CUET · MATHS · PYQ PAPER 2025
Match List-I with List-II
| List-I (Function) | List-II (Property) |
| (A) \(f(x)=\left\{\begin{array}{ll}\frac{x}{|x|} & : x \neq 0 \\ 0 & : x=0\end{array}\right.\) | (I) continuous but not differentiable at \(x=0\) |
| (B) \(f ( x )=| x |\) | (II) continuous but not differentiable at \(x=1\) |
| (C) \(f(x)=\left|x^2-1\right|\) | (III) discontinuous at \(x=0\) |
| (D) \(f(x)=|x-1|\) | (IV) continuous but not differentiable at \(x=1,-1\) |
- A (A) - (III), (B) - (I), (C) - (IV), (D) - (II)
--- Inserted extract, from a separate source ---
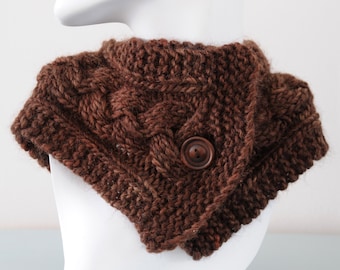 Brown Cable Neckwarmer - Chocolate Scarf Collar Chunky Merino Wool Scarflette Button Winter Accessory Gift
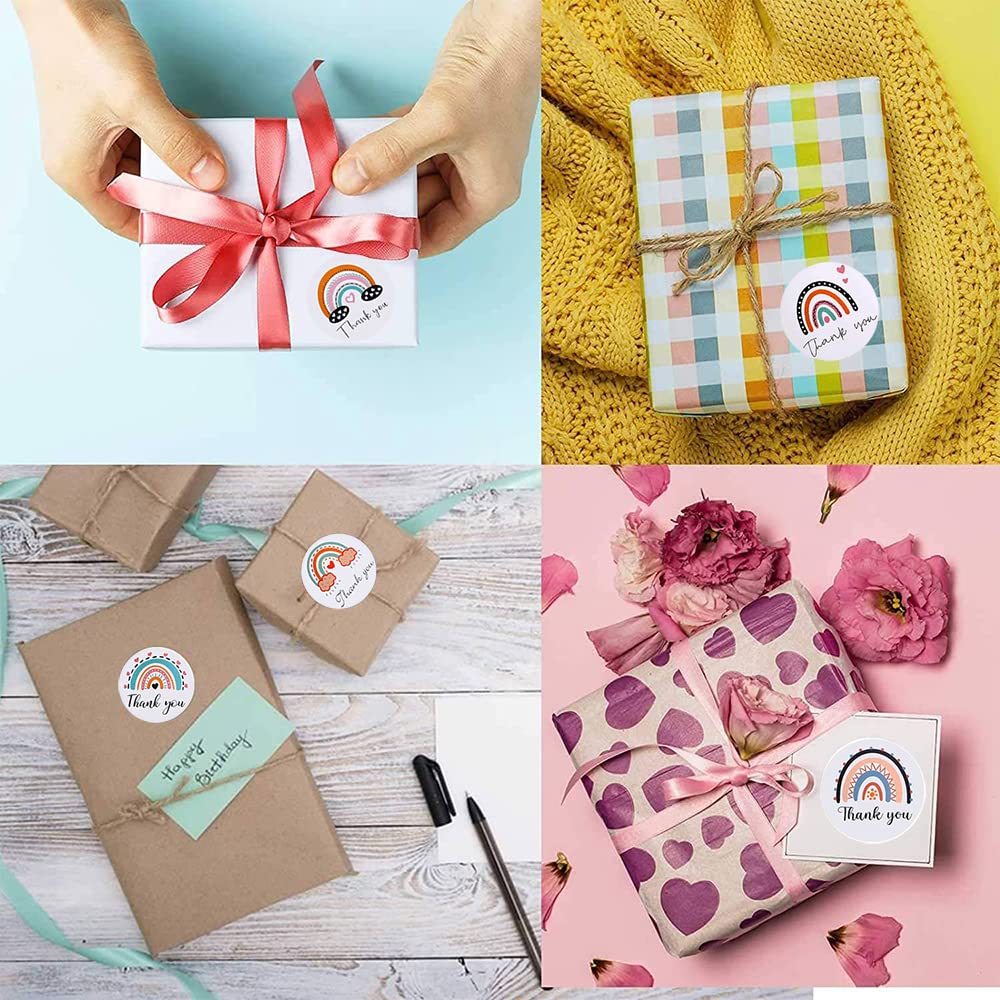 500 Pieces Rainbow Thank You Label Stickers 1.5 Inch Round Thanks Sticker Boho Adhesive Business Label Thank You Envelope Seals Stickers Decorative Sticky Label for Card Box Packing Bag, 8 Styles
- B (A) - (IV), (B) - (I), (C) - (II), (D) - (III)
- C (A) - (III), (B) - (I), (C) - (II), (D) - (IV)
- D (A) - (IV), (B) - (III), (C) - (I), (D) - (II)
Answer & Solution
Correct Answer
(A) (A) - (III), (B) - (I), (C) - (IV), (D) - (II)
Step-by-step Solution
Detailed explanation
(A) \(f(x)=\left\{\begin{array}{ll}\frac{x}{|x|} & : x \neq 0 \\ 0 & : x=0\end{array}\right.\) \(\lim_{x \to 0^-} f(x) = \lim_{x \to 0^-} \frac{x}{-x} = -1\) \(\lim_{x \to 0^+} f(x) = \lim_{x \to 0^+} \frac{x}{x} = 1\) \(-1 \neq 1\), so \(f(x)\) is discontinuous at \(x=0\).…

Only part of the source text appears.